WORK ITEM: In the entries below, which lines run from the one with "Erkek Beyaz Uzun" through the one with "Sale Chaussettes Ski"? Repeat exactly those, both included, and no pictures.

INPUT MATERIAL:
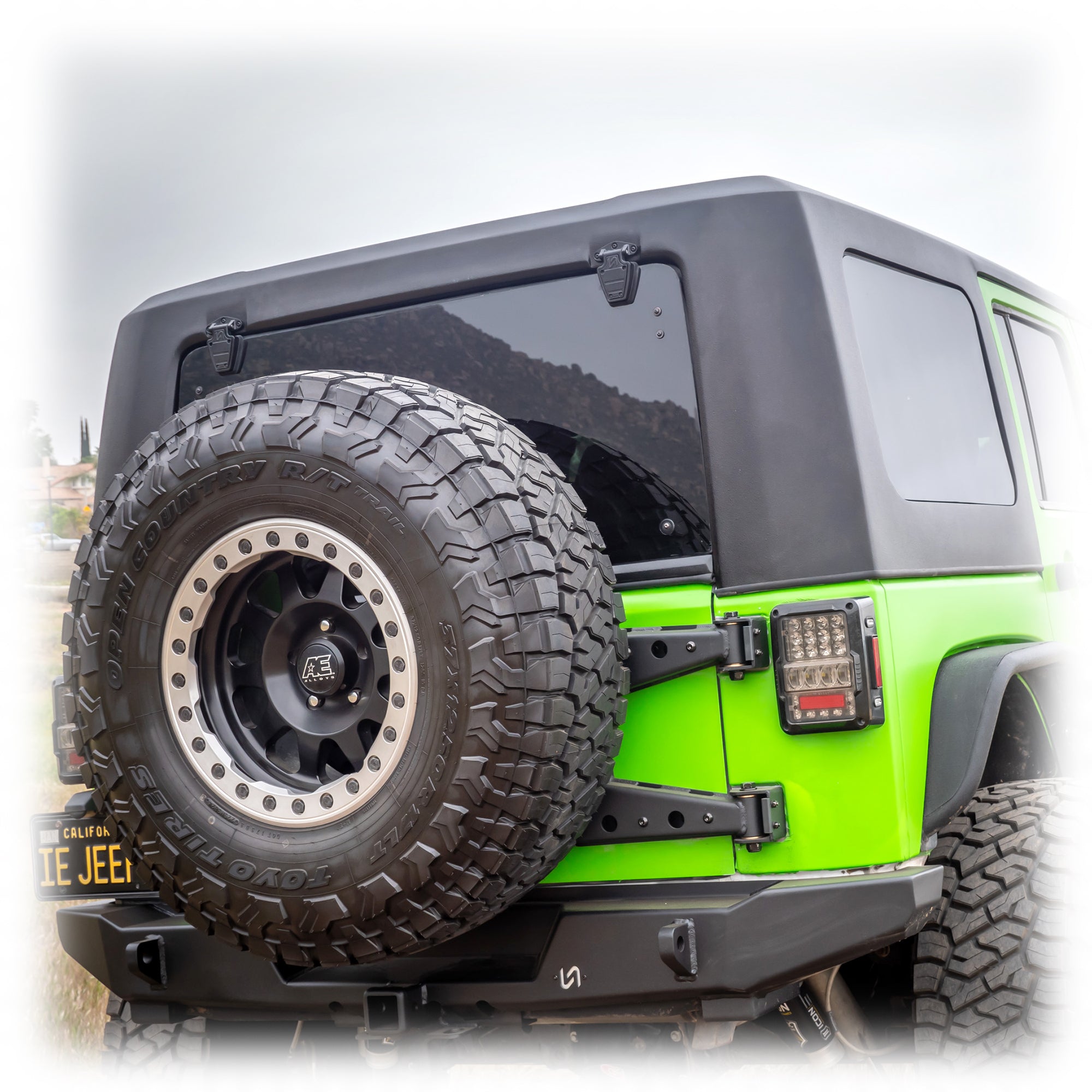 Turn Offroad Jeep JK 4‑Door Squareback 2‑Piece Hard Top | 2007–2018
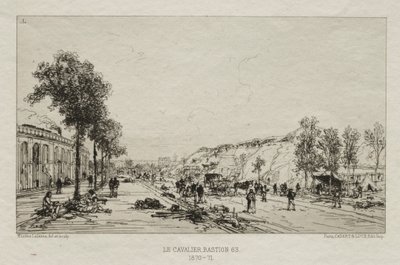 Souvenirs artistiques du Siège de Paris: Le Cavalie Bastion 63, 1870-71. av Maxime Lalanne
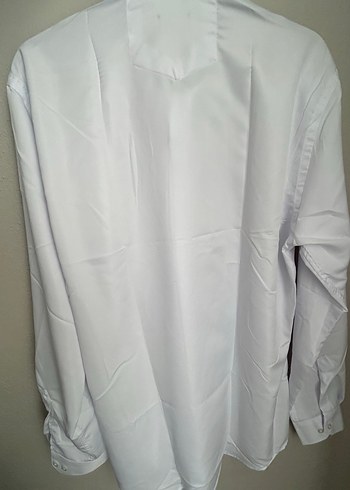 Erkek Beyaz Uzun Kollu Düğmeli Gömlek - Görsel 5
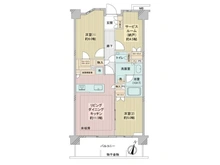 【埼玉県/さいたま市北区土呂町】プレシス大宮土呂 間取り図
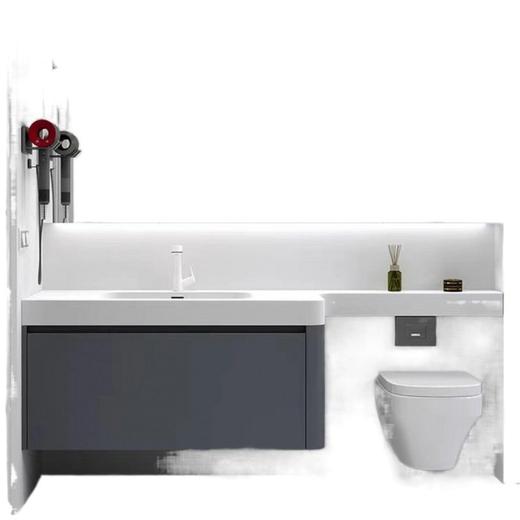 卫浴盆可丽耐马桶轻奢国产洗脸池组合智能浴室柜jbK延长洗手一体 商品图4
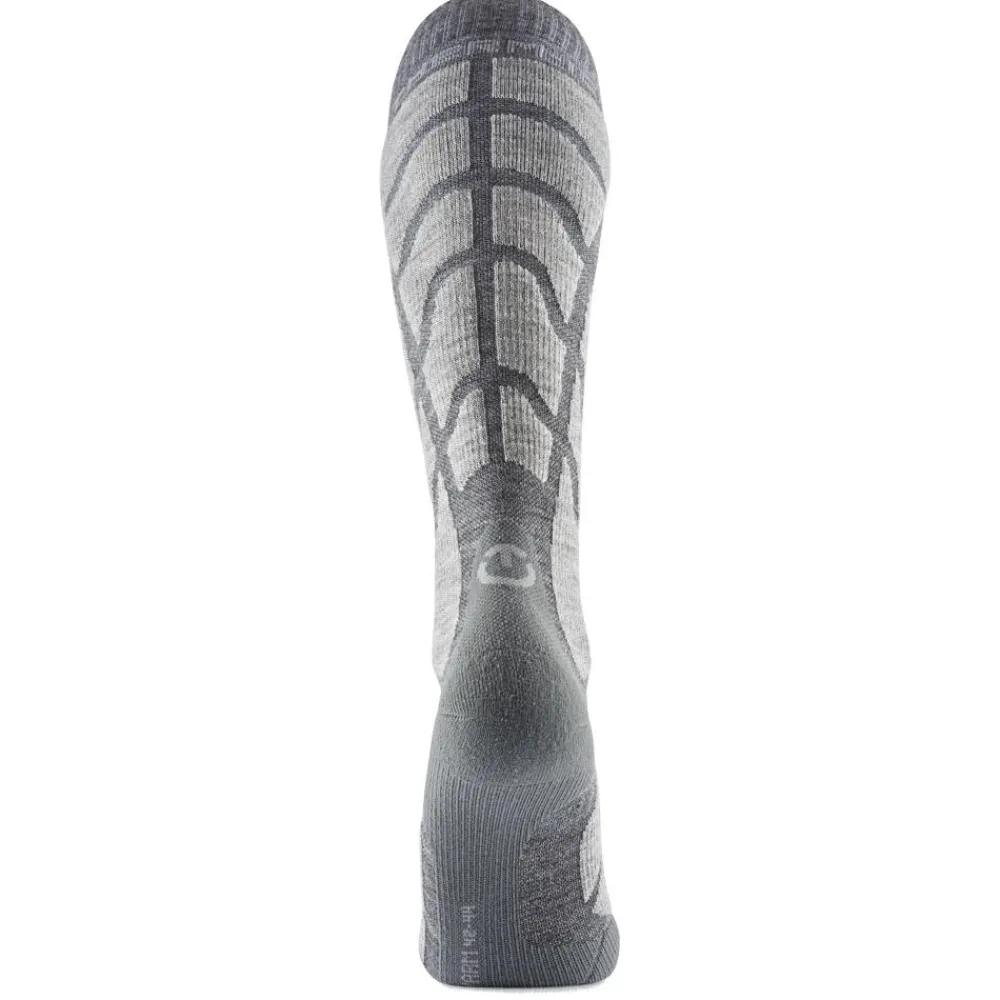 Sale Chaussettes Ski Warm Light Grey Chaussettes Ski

---

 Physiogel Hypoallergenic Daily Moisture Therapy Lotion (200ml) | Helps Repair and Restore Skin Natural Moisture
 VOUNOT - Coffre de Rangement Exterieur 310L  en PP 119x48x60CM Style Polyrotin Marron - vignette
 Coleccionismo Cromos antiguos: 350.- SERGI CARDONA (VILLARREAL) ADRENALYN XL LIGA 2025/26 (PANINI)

==

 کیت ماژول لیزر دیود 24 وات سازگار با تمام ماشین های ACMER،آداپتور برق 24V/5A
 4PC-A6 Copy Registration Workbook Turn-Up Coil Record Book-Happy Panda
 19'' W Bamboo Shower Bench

EXPECTED ANSWER:
 Erkek Beyaz Uzun Kollu Düğmeli Gömlek - Görsel 5
 【埼玉県/さいたま市北区土呂町】プレシス大宮土呂 間取り図
 卫浴盆可丽耐马桶轻奢国产洗脸池组合智能浴室柜jbK延长洗手一体 商品图4
 Sale Chaussettes Ski Warm Light Grey Chaussettes Ski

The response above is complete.